PreparationTwo hands passing a gift

To prepare for this game all you need to do is wrap the presents up!

  • Whether you’re playing the game at a birthday party or a family gathering, it is best to buy roughly the amount of prizes as there are kids playing. This way everyone can have a turn at opening a layer and receiving a prize, and hopefully no one will get more than one so it is fair and keeps everyone happy!
  • If you’re using food treats as prizes it is a good idea to prepare the parcel on the day of your child’s party, otherwise it can be done beforehand.
  • Generally the ‘best’ prize or larger prize is the prize that is opened last, at the very end of the game (the child who gets this prize is the winner of the whole game!). Therefore it is wrapped first. It could be a good idea to put a sticker or label on this first layer so that when you are playing the game later, you will know you are at the end.
  • Then place this wrapped prize on a new piece of wrapping paper of a different colour, add one of the smaller prizes to the package, and wrap the original prize and the new prize up together.
  • Repeat this step until all the remaining smaller prizes have been wrapped around the large prize.
  • Don’t forget to alternate the colour of your wrapping paper each time so it is clear which layer is which when the kids ripping it apart later!
  • Also make sure your music is set up and ready to go!

How to play

  1. Have all the kids sit in a circle facing one another. 
  2. Give the parcel to one child (often the birthday boy/girl) to start.
  3. Then you need someone to play the music, whether it be you or another parent, it just needs to be someone who can stop and start the music fairly throughout the game.
  4. As the music plays the kids pass the parcel around the circle until the music is stopped.
  5. Whoever is holding the parcel when the music stops gets to open a layer of the parcel and collect their prize (or perform their activity).
  6. This continues until all the layers have been opened.
  7. Originally the person controlling the music wasn’t allowed to watch the game so they couldn’t interfere with who won each round, but it is a good idea to keep an eye on who has received a prize so that everyone gets one and no one gets more than one if it can be helped.
  8. If you are worried about the game being unfair and have a bit more time, you can prepare snippets of music to stop and start at their own accord so you don’t have someone in particular controlling who gets what.


Some good ideas for prizes to include in the parcel:

  • Bouncy balls
  • Noise makers
  • Bubbles
  • Multipacks of plastic toys such as plastic animals or dinosaurs
  • Small containers of play-dough
  • Sheets of stickers
  • Squeezy bath toys

If you’re thinking of using food treats as prizes…

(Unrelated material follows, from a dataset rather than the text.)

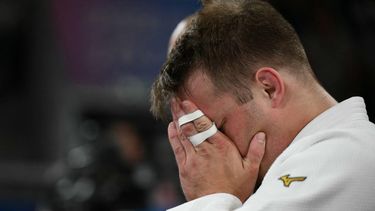 Germany's Timo Cavelius reacts after loosing to Israel's Sagi Muki (Blue) in the judo men's -81kg round of 32 bout of the Paris 2024 Olympic Games at the Champ-de-Mars Arena, in Paris on July 30, 2024.  
Luis ROBAYO / AFP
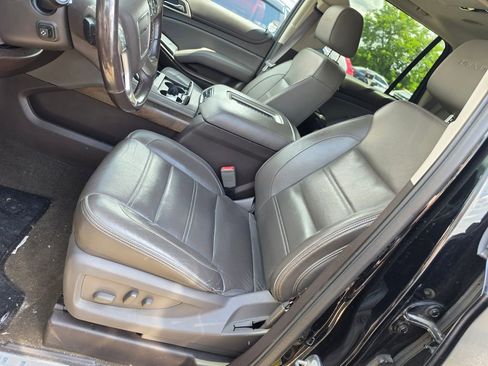 Used 2018 GMC Yukon Denali AWD/4WD image 6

  • Be sure to find out about any food allergies or foods that aren’t allowed from the other parents
  • Healthier treats are always a great option such as boxes of raisins or some homemade treats pre-wrapped in plastic bags

Also make sure your prizes are age appropriate

If you are doing the game for younger children with short attention spans, you may want to either:

  • have two parcels being passed around the group at once, with the parcels starting at opposite sides of the circle so that kids only have to wait half a circle until they get to ‘pass the parcel’ rather than waiting for everyone in the group to each have their turn; or
  • have smaller groups of children playing the game (e.g. two groups with 6 kids in each and each group has a parcel rather than one group of 12 with one parcel being passed around).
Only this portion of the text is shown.